(INPUT)

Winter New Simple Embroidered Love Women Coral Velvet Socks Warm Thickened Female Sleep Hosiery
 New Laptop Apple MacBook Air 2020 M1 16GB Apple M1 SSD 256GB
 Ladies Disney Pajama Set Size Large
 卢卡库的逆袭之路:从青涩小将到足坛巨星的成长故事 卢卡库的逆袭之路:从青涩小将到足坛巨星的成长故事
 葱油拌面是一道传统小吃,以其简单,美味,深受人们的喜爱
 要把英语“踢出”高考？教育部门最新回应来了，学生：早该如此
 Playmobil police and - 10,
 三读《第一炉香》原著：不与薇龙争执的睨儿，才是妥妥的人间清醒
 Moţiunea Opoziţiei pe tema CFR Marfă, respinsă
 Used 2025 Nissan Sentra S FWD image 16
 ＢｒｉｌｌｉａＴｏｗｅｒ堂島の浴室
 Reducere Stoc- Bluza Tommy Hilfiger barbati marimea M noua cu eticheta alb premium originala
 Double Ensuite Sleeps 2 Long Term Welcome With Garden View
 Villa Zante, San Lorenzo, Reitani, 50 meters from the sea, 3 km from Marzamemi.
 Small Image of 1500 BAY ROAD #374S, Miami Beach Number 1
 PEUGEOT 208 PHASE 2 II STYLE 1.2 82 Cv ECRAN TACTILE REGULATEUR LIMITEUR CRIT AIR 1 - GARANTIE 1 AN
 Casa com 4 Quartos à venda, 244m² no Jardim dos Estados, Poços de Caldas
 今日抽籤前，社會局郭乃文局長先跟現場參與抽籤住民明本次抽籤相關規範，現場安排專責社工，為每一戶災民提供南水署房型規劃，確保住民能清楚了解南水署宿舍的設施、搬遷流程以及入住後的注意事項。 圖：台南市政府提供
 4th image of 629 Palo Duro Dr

(End INPUT)

• EXERCISE: Send back, unchanged, every line of the records from the one with "三读《第一炉香》原著：不与薇龙争执的睨儿，才是妥妥的人间清醒" through the last.

• COMPLETED EXERCISE:
 三读《第一炉香》原著：不与薇龙争执的睨儿，才是妥妥的人间清醒
 Moţiunea Opoziţiei pe tema CFR Marfă, respinsă
 Used 2025 Nissan Sentra S FWD image 16
 ＢｒｉｌｌｉａＴｏｗｅｒ堂島の浴室
 Reducere Stoc- Bluza Tommy Hilfiger barbati marimea M noua cu eticheta alb premium originala
 Double Ensuite Sleeps 2 Long Term Welcome With Garden View
 Villa Zante, San Lorenzo, Reitani, 50 meters from the sea, 3 km from Marzamemi.
 Small Image of 1500 BAY ROAD #374S, Miami Beach Number 1
 PEUGEOT 208 PHASE 2 II STYLE 1.2 82 Cv ECRAN TACTILE REGULATEUR LIMITEUR CRIT AIR 1 - GARANTIE 1 AN
 Casa com 4 Quartos à venda, 244m² no Jardim dos Estados, Poços de Caldas
 今日抽籤前，社會局郭乃文局長先跟現場參與抽籤住民明本次抽籤相關規範，現場安排專責社工，為每一戶災民提供南水署房型規劃，確保住民能清楚了解南水署宿舍的設施、搬遷流程以及入住後的注意事項。 圖：台南市政府提供
 4th image of 629 Palo Duro Dr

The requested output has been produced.